You can use a spraybar on each return and point them at the glass, when the water hits the glass it will angle both up and down, cutting back the flow dramatically...


----------



## ovenmit331 (Mar 27, 2007)

aim it at the wall it's attached to. same amount of water flowing through the tubes but not creating current.


----------



## rahlcepx516 (Dec 4, 2009)

You could also try sending it through two separate tubes, with larger output holes. I think the output of the 2217 is 1/2" right? So just hook up one or two hoses that expand to 3/4" and you should be fine. You might not get a good enough circulation back to your intake tube though.


----------



## F22 (Sep 21, 2008)

you could setup T offs this way you have 2 returns from each filter.


----------



## killaguppy (Jan 25, 2010)

Have you looked at the Do!Aqua Poppy glass pipe?


----------



## pianofish (Jan 31, 2010)

Hey guys this looked like a good thread, I just hooked up my Eheim 2217 today and the flow is HUGE! Many of my plants are bending over backwards which can't be healthy can it? I'm using one eheim with a HOB until my eheim gets cycled, then out goes the HOB. Do I need to move my plants? Angle the bar towards the back wall, or something else enitirely?
Thanks,


----------



## iliketogolf (Feb 7, 2010)

killaguppy said:


> Have you looked at the Do!Aqua Poppy glass pipe?

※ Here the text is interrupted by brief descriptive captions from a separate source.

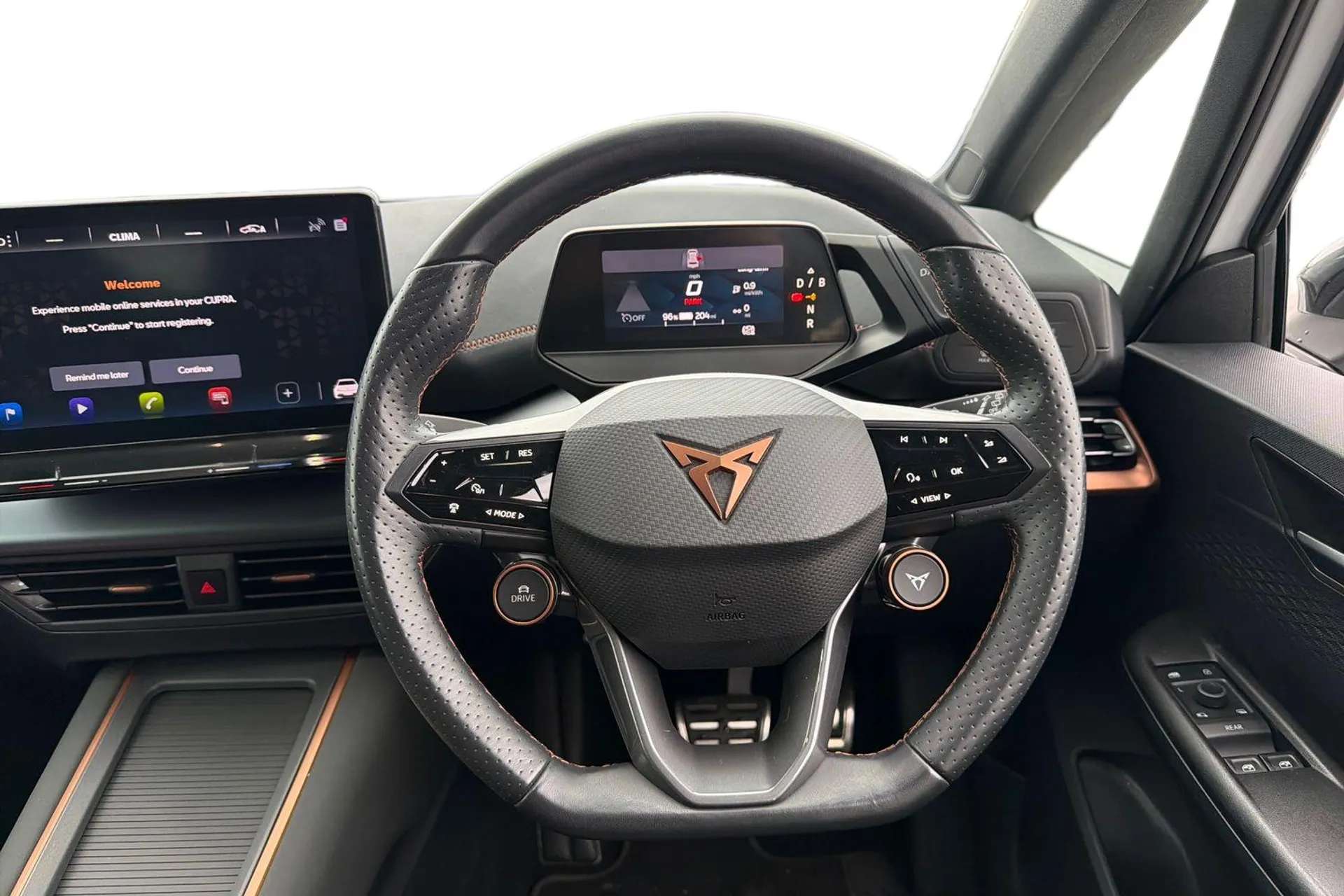 2023 CUPRA BORN 2023 CUPRA BORN
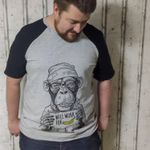 Raglanshirt - SKAGERRAK Herren - Schnittmuster eBook-4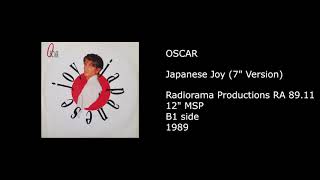 Kadr z teledysku Japanese Joy tekst piosenki Oscar (Italy)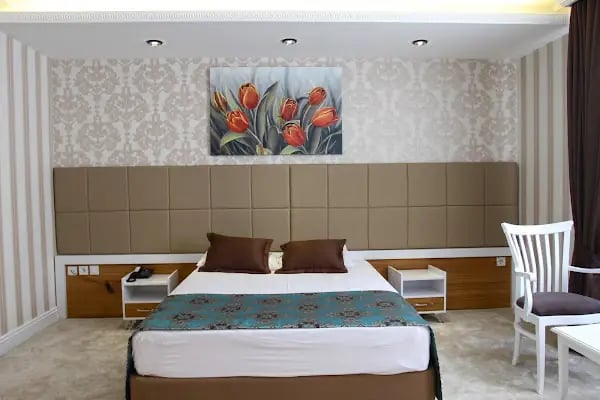 Tiryandafil Otel - Resim 14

I never heard of such thing till now. How effective is it and can I assume it won't cause CO2 to escape?

I did reverse my spraybars last night and that seemed fairly effective. My only concern was breaking the water surface because the flow hits that wall pretty hard.


----------



## zavikan (Jan 5, 2009)

pianofish said:


> I just hooked up my Eheim 2217 today and the flow is HUGE! Many of my plants are bending over backwards which can't be healthy can it?
> Thanks,


Your sig says your on a 75 Gal tank too....a single 2217 on a 75 and its creating massive flow? 

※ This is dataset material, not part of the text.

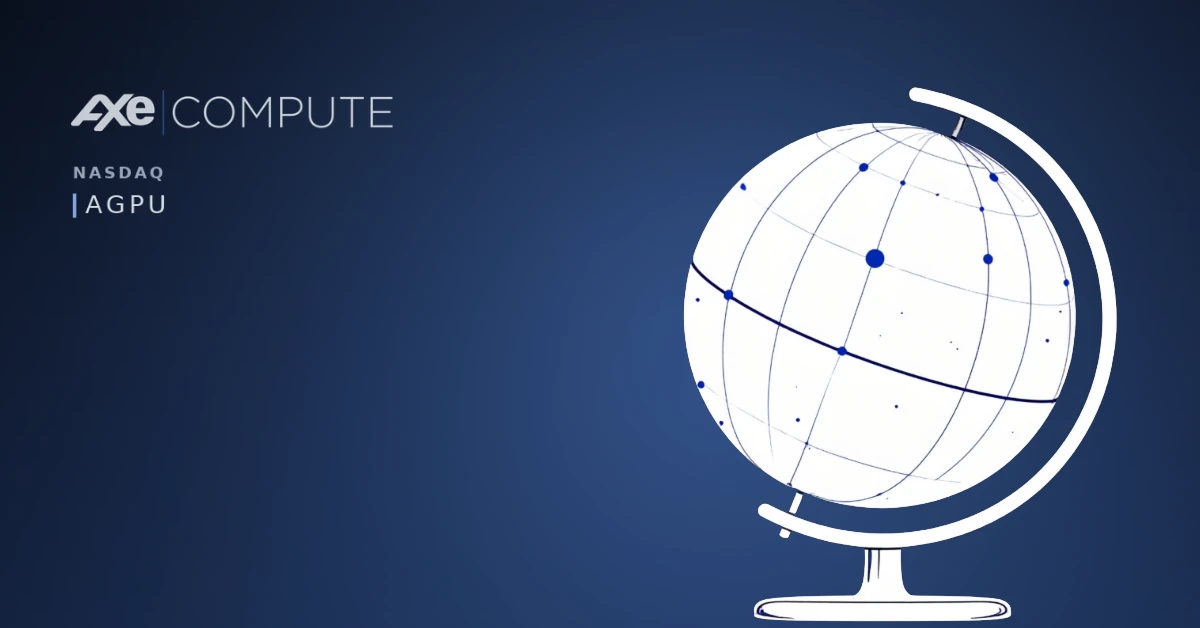 Introducing Axe Compute: enterprise GPU infrastructure platform with 435,000+ GPUs across 200+ global locations, bare-metal access, and 48-hour deployment at up to 80% below hyperscaler rates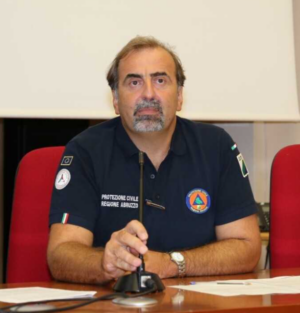 “Professione Protezione civile” 5 Mauro Casinghini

I am running a 2217 on a 38 gal tank and I would call it 'acceptable' flow. not OMG BEST FLOW EVER.....I got rid of the spray bar and went with their version of lily pipes which gives a cleaner look and increased my flow (yay, double plus!)

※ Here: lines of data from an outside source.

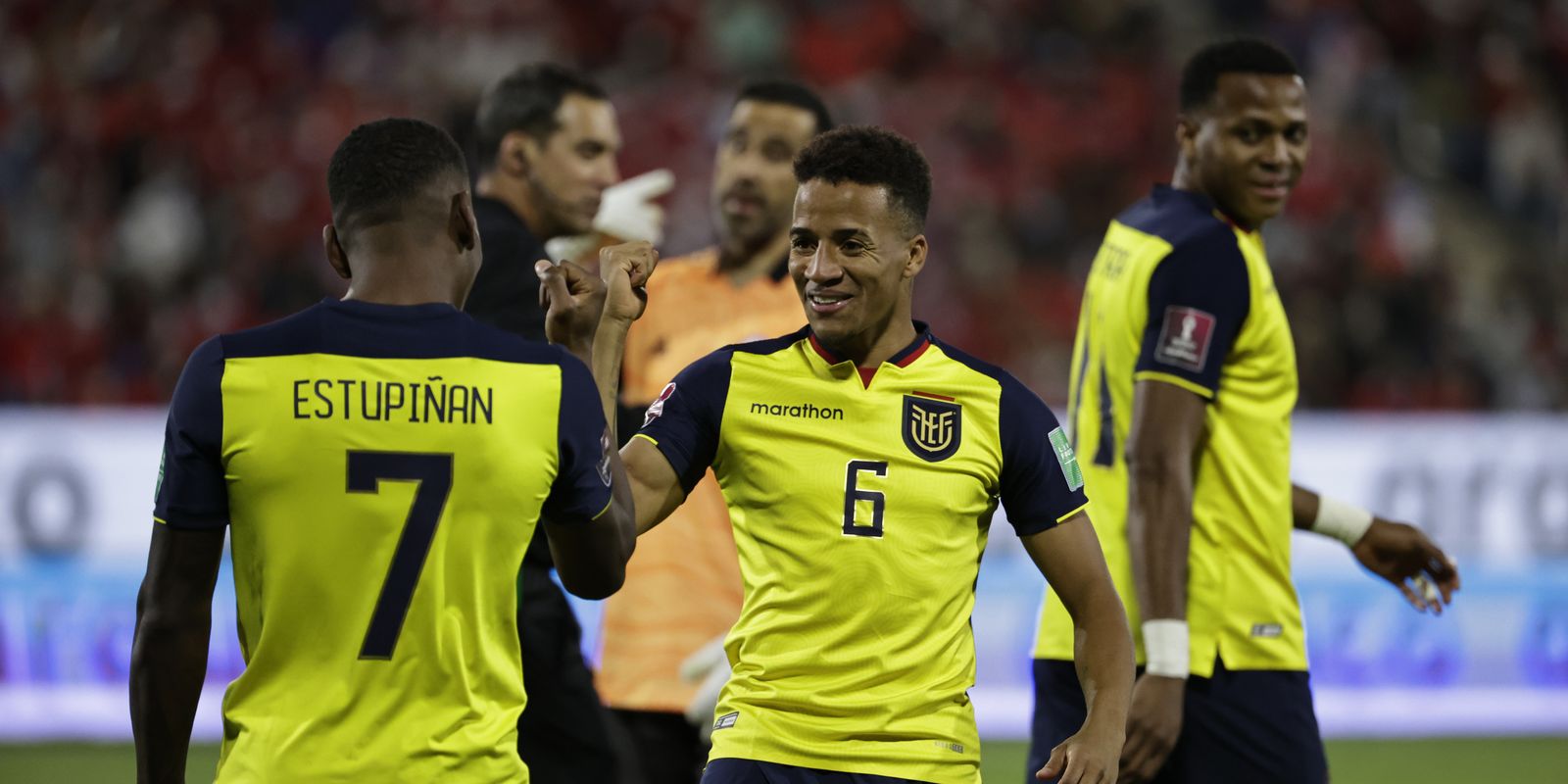 FIFA rechaza denuncia de Chile y Ecuador conserva su lugar en el Mundial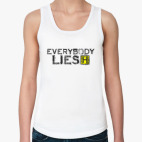 Женская майка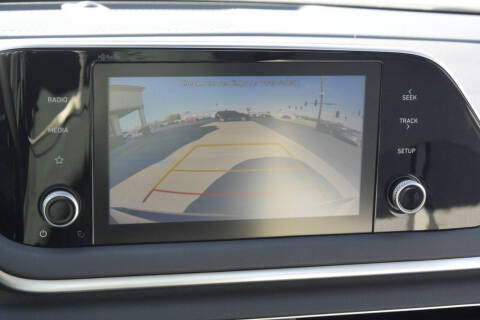 2022 Hyundai Sonata SE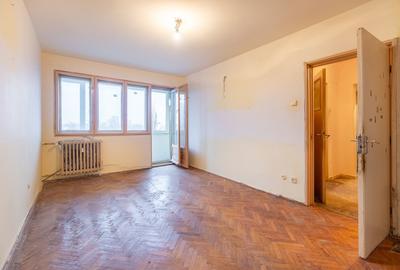 2 camere Pajura, lumină, vedere deschisă și potențial excelent, comision 0% - 5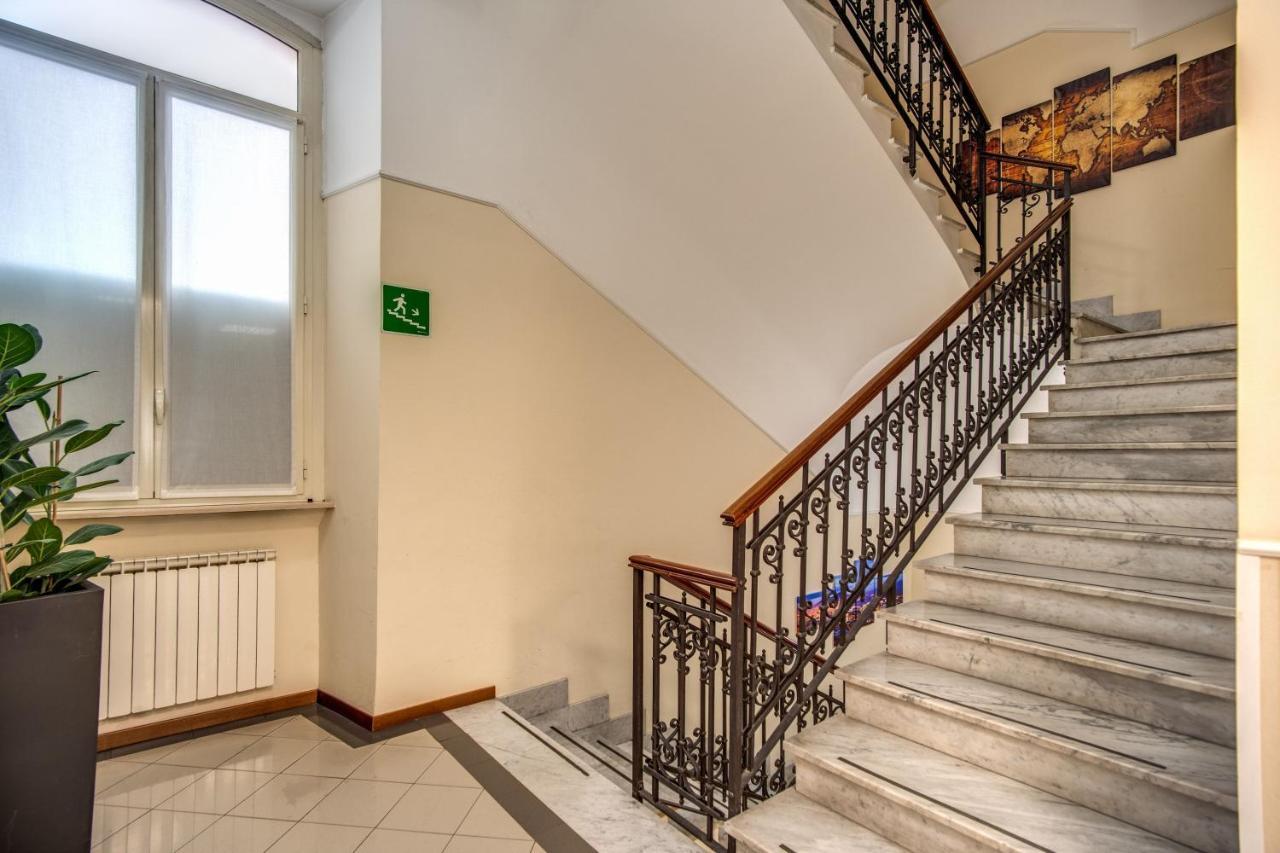 Ottaviano Augusto Hotel Roma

As to running 2 on a 75, I would think that would be just right...instead of pointing them at the walls, try enlarging the holes on the spray bar. just bit by bit. Its like putting your finger on a hose, the water pressure forces the flow by fast. If you make the holes larger, your taking your finger off the hose a little bit, slowing it down a little bit. very customizable.


----------



## pianofish (Jan 31, 2010)

Ah I see! thanks, will have to try that.


----------